A multiverse database consists of a base universe, which represents the database without any read-side privacy policies applied, and many user universes, which are transformed copies of the database.
For good query performance we’d like to pre-compute these per-user universes. If we do that naively though, we’re going to end up with a lot of universes to store and maintain and the storage requirements alone will be prohibitive.
A space- and compute-efficient multiverse database clearly cannot materialize all user universes in their entirety, and must support high-performance incremental updates to the user universes. It therefore requires partially-materialized views that support high-performance updates. Recent research has provided this missing key primitive. Specifically, scalable, parallel streaming dataflow computing systems now support partially-stateful and dynamically-changing dataflows. These ideas make an efficient multiverse database possible.
So, we make the database tables in the base universe be the root vertices of a dataflow, and as the base universe is updated records move through the flow into user universes. Where an edge in the dataflow graph crosses a universe boundary, any necessary dataflow operators to enforce the required privacy policies are inserted. All applicable policies are applied on every edge that transitions into a given user universe, so whichever path data takes to get there we know the policies will have been enforced.
We can build the dataflow graph up dynamically, extending the flow’s for a user’s universe the first time a query is executed. The amount of computation required on a base update can be reduced by sharing computation and cached data between universes. Implementing this as a joint partially-stateful dataflow is the key to doing this safely.
By reasoning about all users’ queries as a joint dataflow, the system can detect such sharing: when identical dataflow paths exist, they can be merged.
Logically distinct, but functionally equivalent dataflow vertices can also share a common backing store. Any record reaching such a vertex in a given universe implies that universe has access to it, so the system can safely expose the shared copy.
Just as user universes can be created on demand, so inactive universes can be destroyed on demand as well. Under the covers, these are all manipulations of the dataflow graph, which partially-stateful dataflow can support without downtime.
Since the prototype is serving reads from a pre-computed universe stored in memory cached results are fast and make for a very favourable comparison against MySQL. Writes are significantly slower though (about 2x) – much of this overhead is in the implementation rather than essential. Memory footprint is 0.5GB with one universe, and 1.1GB with 5,000 universes, introduces a shared record store for identical queries reduces their space footprint by 94%.
These results are encouraging, but a realistic multiverse database must further reduce memory overhead and efficiently run millions of user universes across machines. Neither Noria nor any other current dataflow system support execution of the huge dataflows that such a deployment requires.
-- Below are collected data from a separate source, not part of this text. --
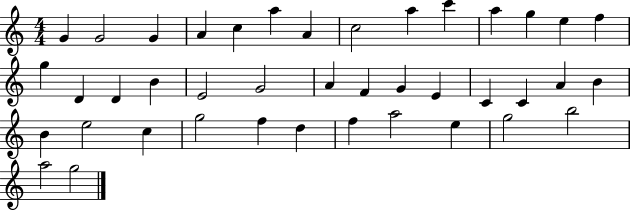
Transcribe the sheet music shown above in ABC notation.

X:1
T:Untitled
M:4/4
L:1/4
K:C
G G2 G A c a A c2 a c' a g e f g D D B E2 G2 A F G E C C A B B e2 c g2 f d f a2 e g2 b2 a2 g2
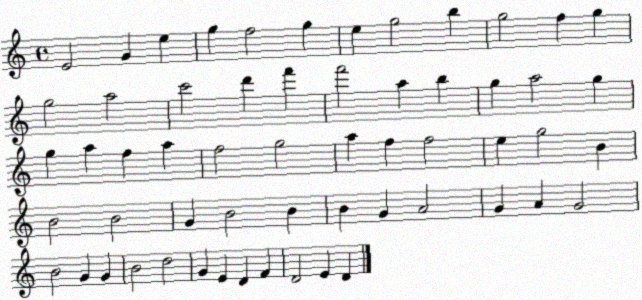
X:1
T:Untitled
M:4/4
L:1/4
K:C
E2 G e g f2 g e g2 b g2 f g g2 a2 c'2 d' f' f'2 a b g a2 g g a f a f2 g2 a f f2 e g2 B B2 B2 G B2 B B G A2 G A G2 B2 G G B2 d2 G E D F D2 E D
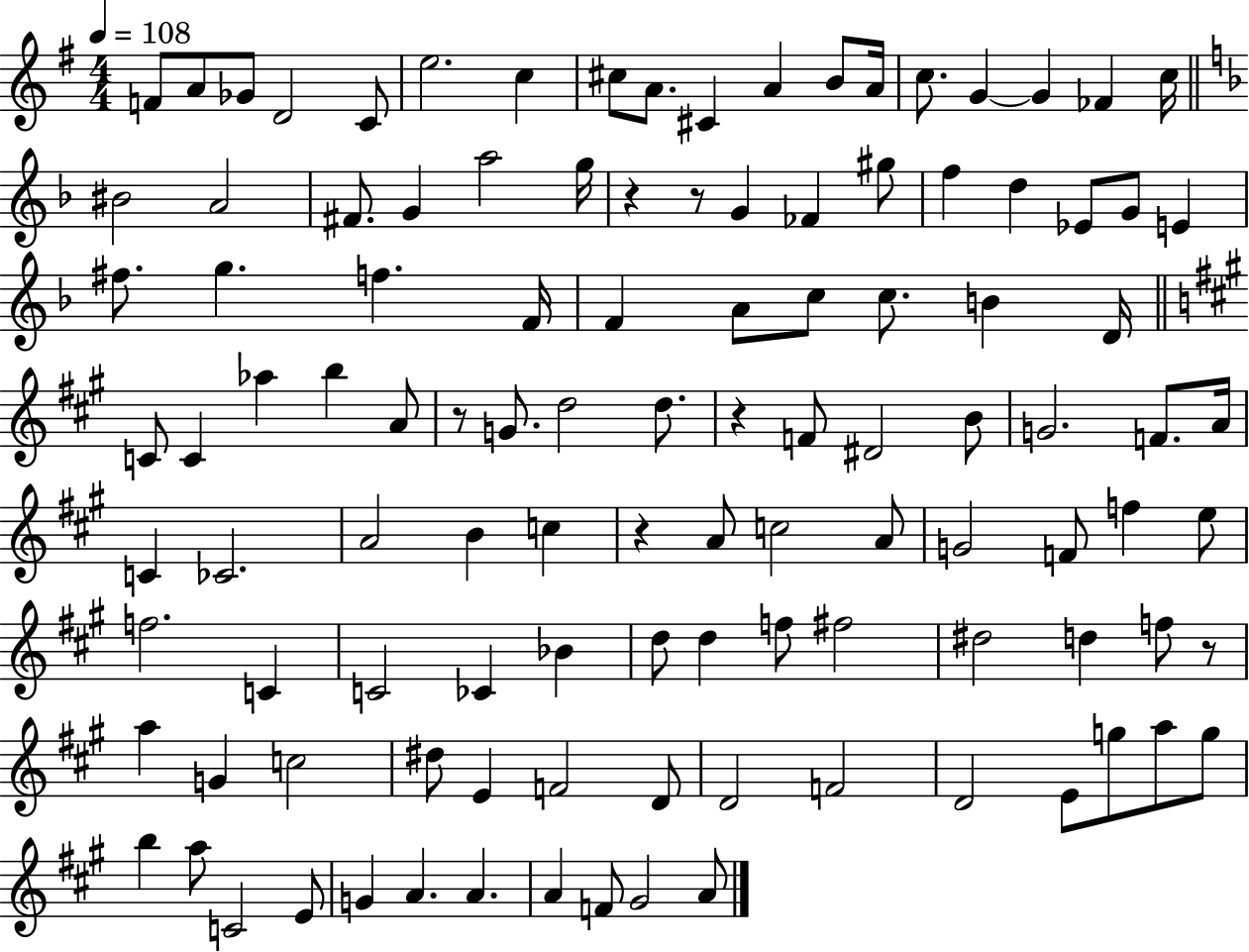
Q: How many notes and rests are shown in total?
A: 111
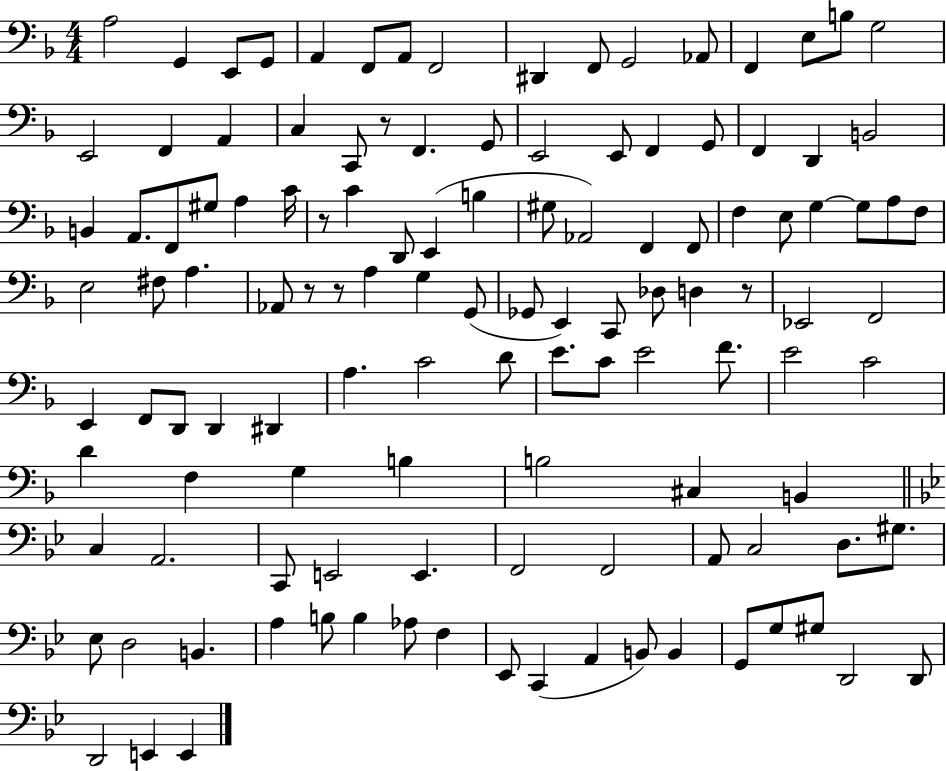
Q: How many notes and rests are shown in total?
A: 122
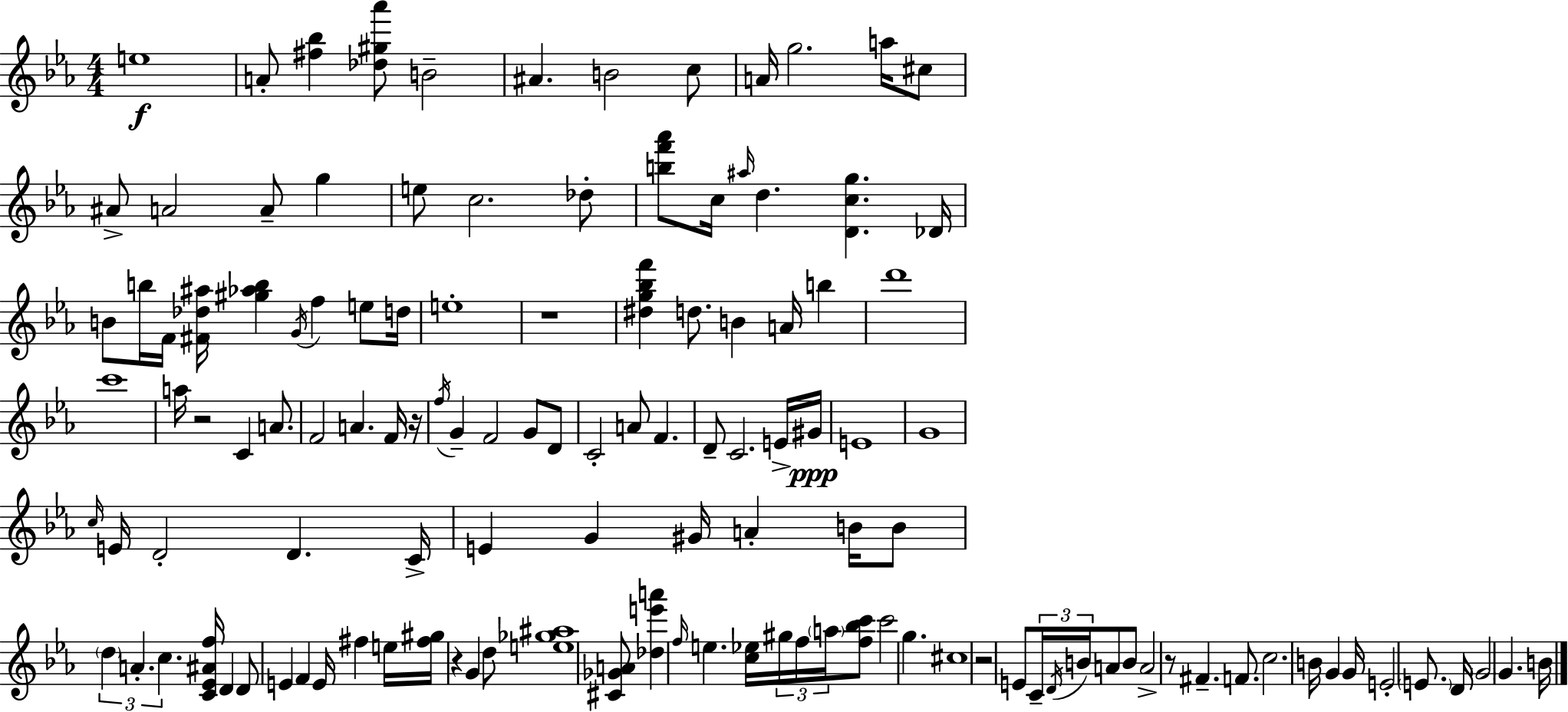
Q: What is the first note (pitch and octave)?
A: E5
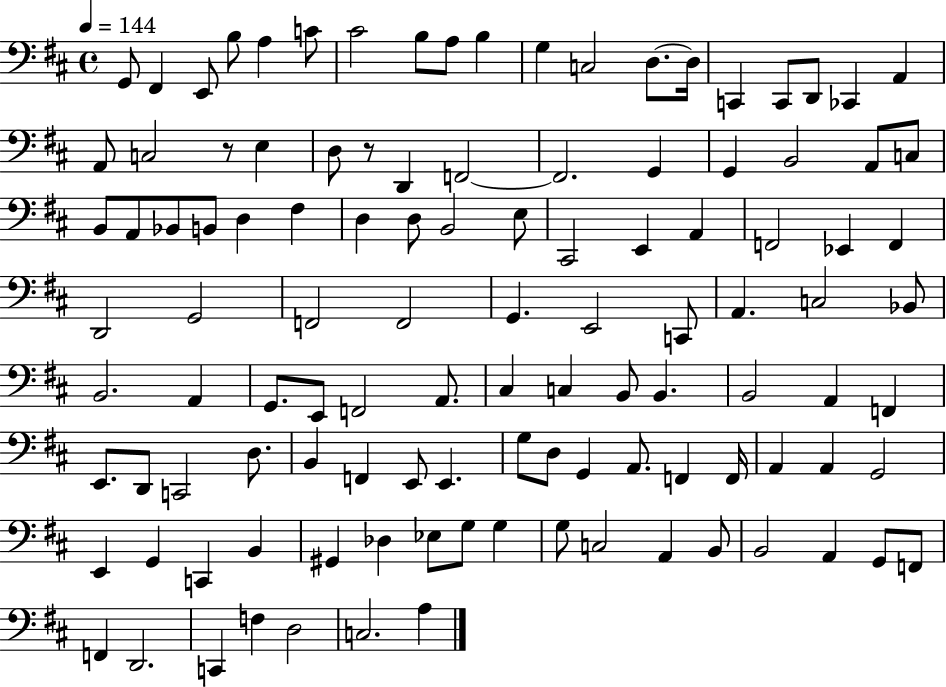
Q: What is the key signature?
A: D major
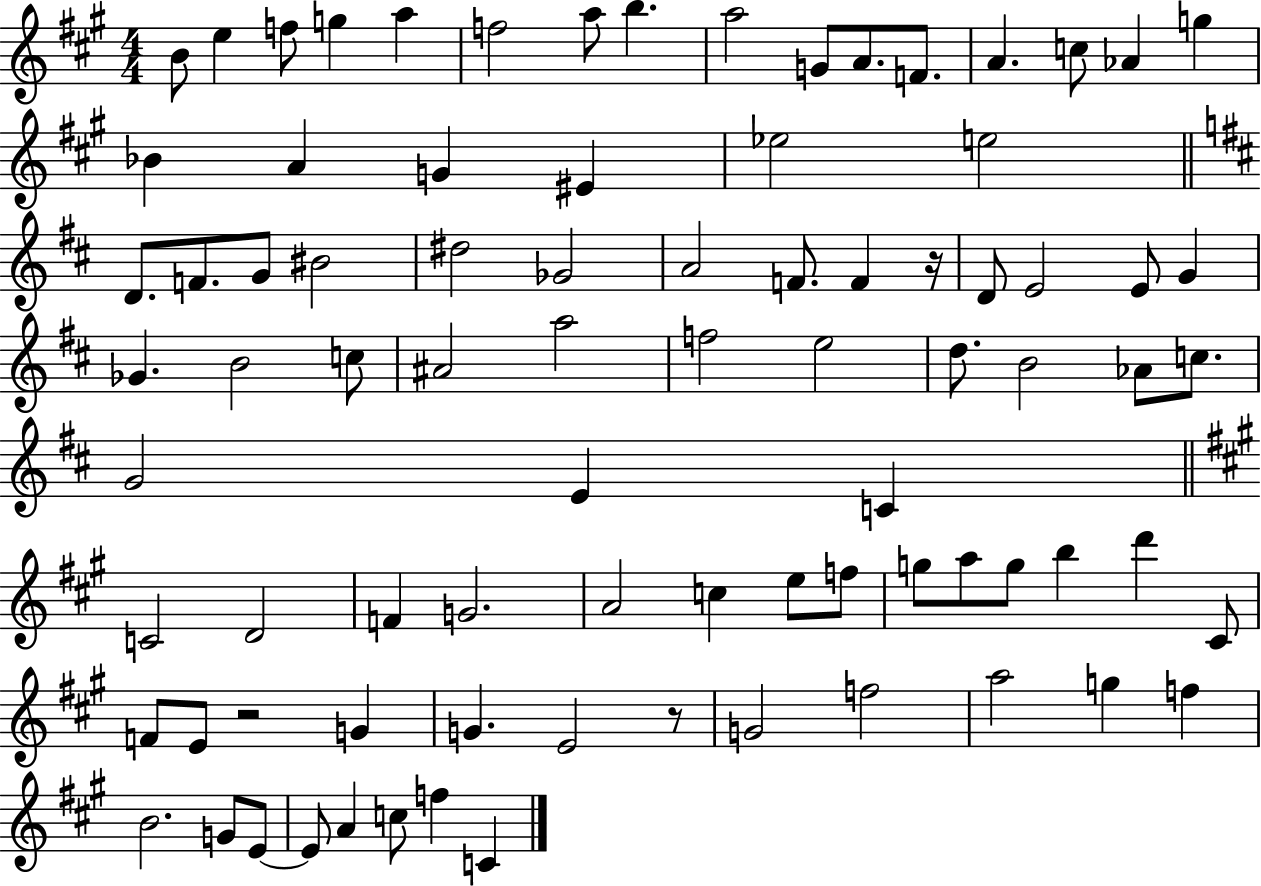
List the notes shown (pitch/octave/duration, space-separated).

B4/e E5/q F5/e G5/q A5/q F5/h A5/e B5/q. A5/h G4/e A4/e. F4/e. A4/q. C5/e Ab4/q G5/q Bb4/q A4/q G4/q EIS4/q Eb5/h E5/h D4/e. F4/e. G4/e BIS4/h D#5/h Gb4/h A4/h F4/e. F4/q R/s D4/e E4/h E4/e G4/q Gb4/q. B4/h C5/e A#4/h A5/h F5/h E5/h D5/e. B4/h Ab4/e C5/e. G4/h E4/q C4/q C4/h D4/h F4/q G4/h. A4/h C5/q E5/e F5/e G5/e A5/e G5/e B5/q D6/q C#4/e F4/e E4/e R/h G4/q G4/q. E4/h R/e G4/h F5/h A5/h G5/q F5/q B4/h. G4/e E4/e E4/e A4/q C5/e F5/q C4/q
In particular, changes to the dataflow must avoid full traversals of the dataflow graph for faster universe creation.
Support for write authorization policies (with some tricky consistency considerations for data-dependent policies) is future work, as is the development of a policy-checker (perhaps similar to Amazon’s SMT-based policy checker for AWS) to help ensure policies themselves are consistent and complete.
Our initial results indicate that a large, dynamic, and partially-stateful dataflow can support practical multiverse databases that are easy to use and achieve good performance and acceptable overheads. We are excited to further explore the multiverse database paradigm and associated research directions.